My work begins with the way memory interrupts us.
I am interested in how memory does not stay where we put it. It returns out of order, repeats itself, and rewrites what we thought we understood. Some moments do not end cleanly. They linger, resurface, and quietly shape who we are. I am drawn to that suspended feeling: when something is unfinished, unresolved, or caught between presence and disappearance.
I work through installation to make memory physical—something that can be moved around, carried, and entered. Rather than telling a clear story, I construct spaces that hold hesitation and quiet intensity, where meaning forms slowly through repetition and encounter.

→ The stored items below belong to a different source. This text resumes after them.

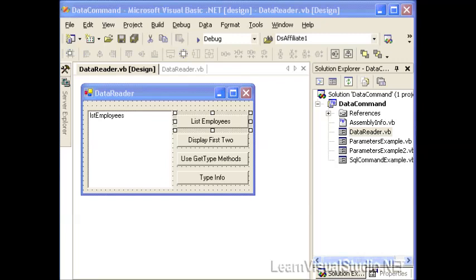In this video I'm going to demonstrate the use of the SQL data reader. The data reader is a firehose method of accessing data that's returned from a data command. The reason it's called firehose is because you can only go one direction and it's very quick. The data comes out and you can retrieve one row at a time, but you can never go back to a previous row of data.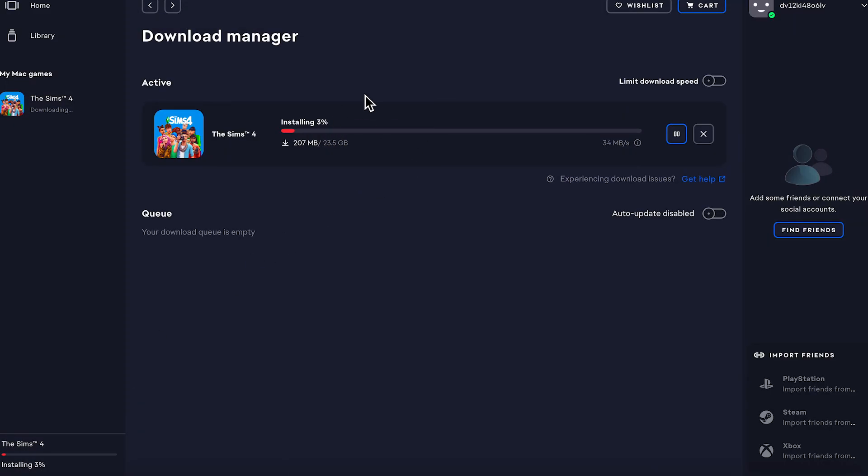Once it's finished downloading, we can open and start playing Sims 4. And it's really as simple as that, guys. If you did find this video helpful, then let me know in the comments and I'll see you in the next one.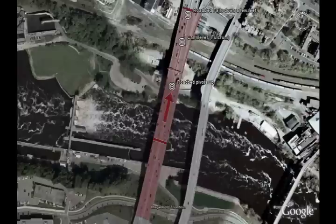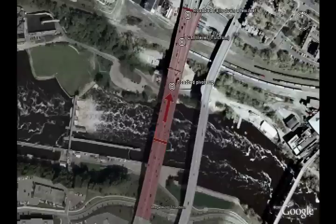As soon as it pulled in that direction, that relieved the weight on the arch, and this section of road fell down — straight down — into the Mississippi River.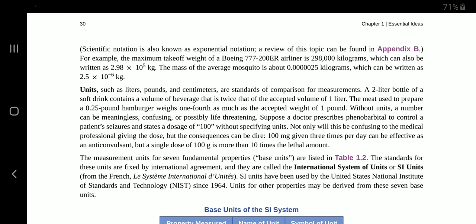A single dose of 100 g is more than 10 times the lethal amount. The measurement units for seven fundamental properties — base units — are listed in table 1.2. The standards for these units are fixed by international agreement, and they are called the International System of Units, or SI units, from the French Le Système Internationale d'Unité. SI units have been used by the United States National Institute of Standards and Technology, NIST, since 1964.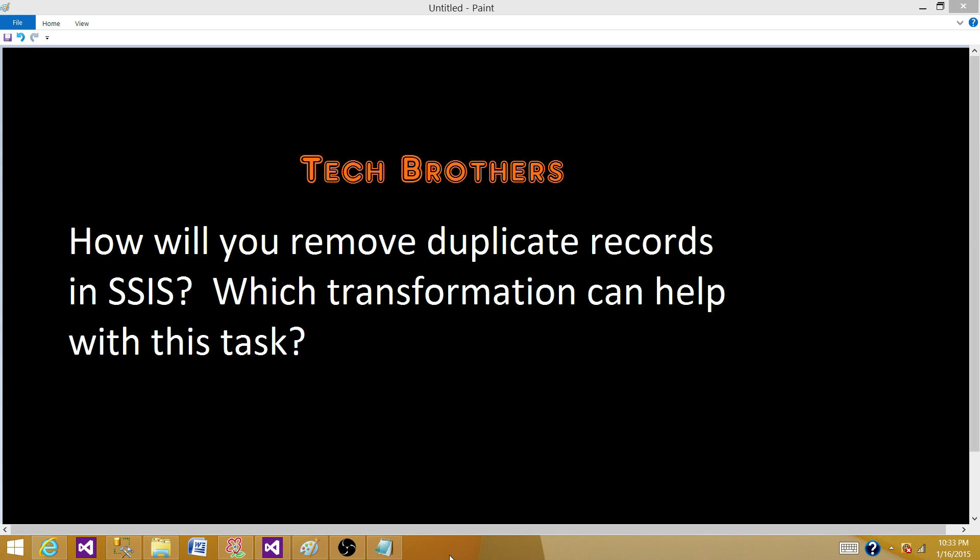Welcome to Tech Brothers with Ahmed. Today we are going to answer this question: How will you remove duplicate records in SSIS? Which transformation can help with this task?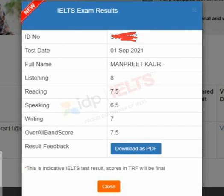This is what is on your screen. I cannot show you the ID number. She is my friend Manpreet Kaur and she is from Batinda. Her exam date was 1 September 2021.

My recent work, Softlock, takes its title from gaming terminology. A softlock is when a game is still running, but progress becomes impossible. You are trapped in a loop. That idea felt painfully familiar to me. It speaks to the way certain memories behave: active, persistent, and impossible to fully resolve.
Using clay, stone, and repeated forms, I build a system of fragments—traces of touch, weight, and time. The materials act like evidence. They hold pressure, absence, and residue, as if something has happened and is still happening.
Softlock is not about nostalgia. It is about becoming. It reflects my own process of self-understanding, shaped by heritage, loss, and repetition. I hope the work feels like stepping into a paused moment: quiet, tense, and strangely alive, where viewers can recognise their own relationship to what they carry, what they forget, and what returns.